I address this by living based on two principles: balance and focus. I am happiest when I get to experience different aspects life every week: balance. I grow the most when I come back to the same areas over and over again: focus. Balance in the short-term, focus over the long-term.
Balance in the short-term
Every week, I try to do partake in activities that fall under each of the following categories:
- Partner (e.g., date night with my wife)
- Family (e.g., playtime with my son, teaching him French)
- Relationships (e.g., connecting with a friend, organizing a LAN party)
- Health (e.g., running, meditating)
- Grow (e.g., reading, attending a lecture, community involvement)
- Create (e.g., working on a side project, writing)
- Produce (e.g., Plaid, investing, mentoring)
The lynchpins of this approach are relax and review.
Relax is a reminder to be whimsical and spontaneous. Not everything needs to be tracked and scientific. It’s ok to spend time on things that don’t grow me, that don’t result in meaningful interactions, that don’t impact the world. It’s ok to throw the plan away and to just live. Relaxing is time well spent.

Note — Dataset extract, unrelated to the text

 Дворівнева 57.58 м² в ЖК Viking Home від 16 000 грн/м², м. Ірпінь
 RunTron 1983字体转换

Review means spending a few minutes every week thinking about how I spent my time last week and asking whether I am happy and fulfilled. Did I entirely miss a category? Is that ok? If so should it even be a category? Do I want to spend more time in a certain way? If so why am I not and what’s getting in the way? Am I doing too many things or too few? Etc. This lightweight retrospective sets the stage for organizing how I’d like to spend the coming week — and maybe even making a plan. (And yes I do review how I relax.)

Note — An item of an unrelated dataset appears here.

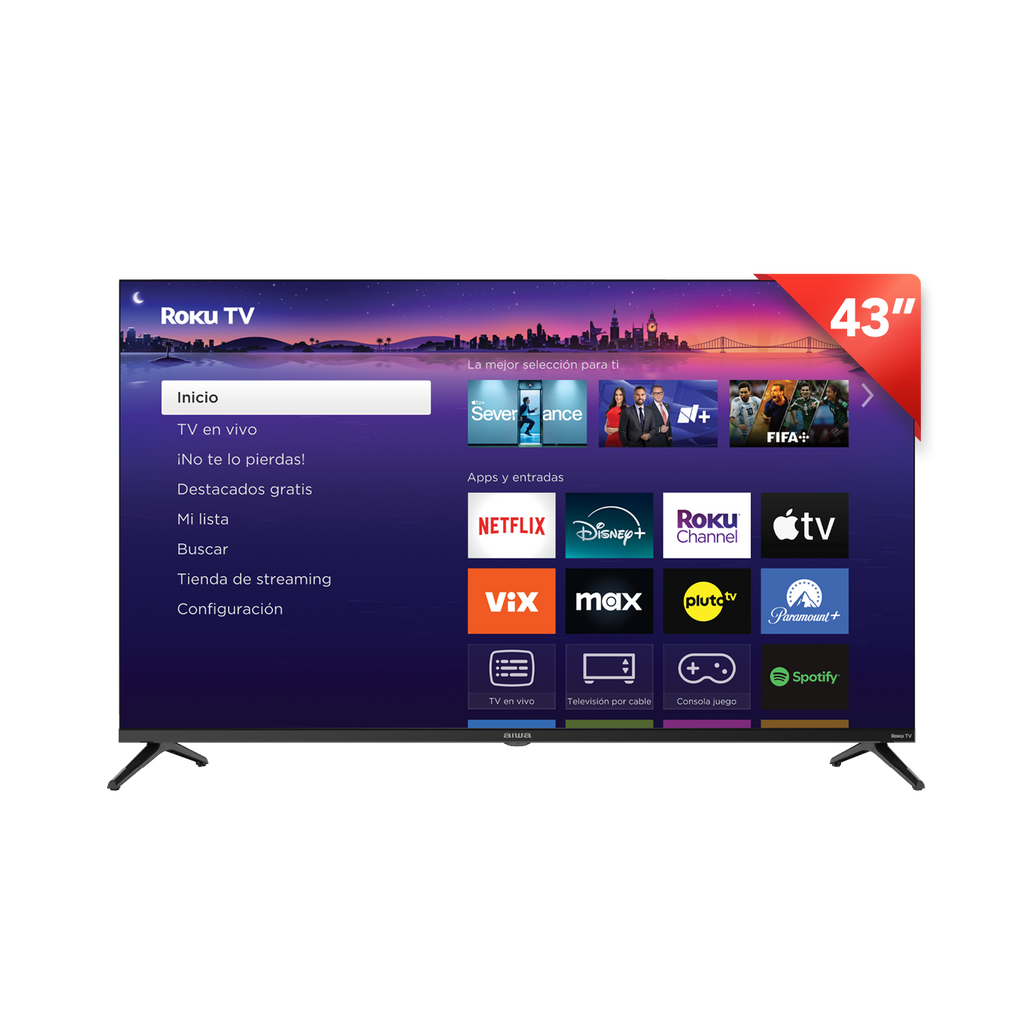 Pantalla Smart Tv Roku Led Full HD (1080p) 43 Pulgadas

Review is how I am purposeful about balancing my time.
Focus over the long-term
Achieving balance makes me happy, but I am a pretty excitable person and the downside of giving myself room to go wide is that I’ll often go way too wide: reading too many different things, having too many side projects, and so on. That’s where focus comes in. Focus is what pushes me to grow as a human being.
Focus is coming back to the same very few things week after week. For Grow, it might result in narrowing my reading to one subject for a couple of months before tackling something new. For Create working on just one side project or set of posts over a few weeks. For Relationships, spending more 1:1 time but with fewer friends in order to build closer bonds.
For each focus, I set goals. And then as part of each review, I make sure that every week I have taken a few tangible steps towards these goals.
Focus is how I grow over time.
In the end, balance and focus do not create time, nor do they drive me to be more efficient and ruthless with how I live life. They’re simply reminders that help me be deliberate about how I use the most finite resource in my life — time — with the people and on the activities that I find most meaningful.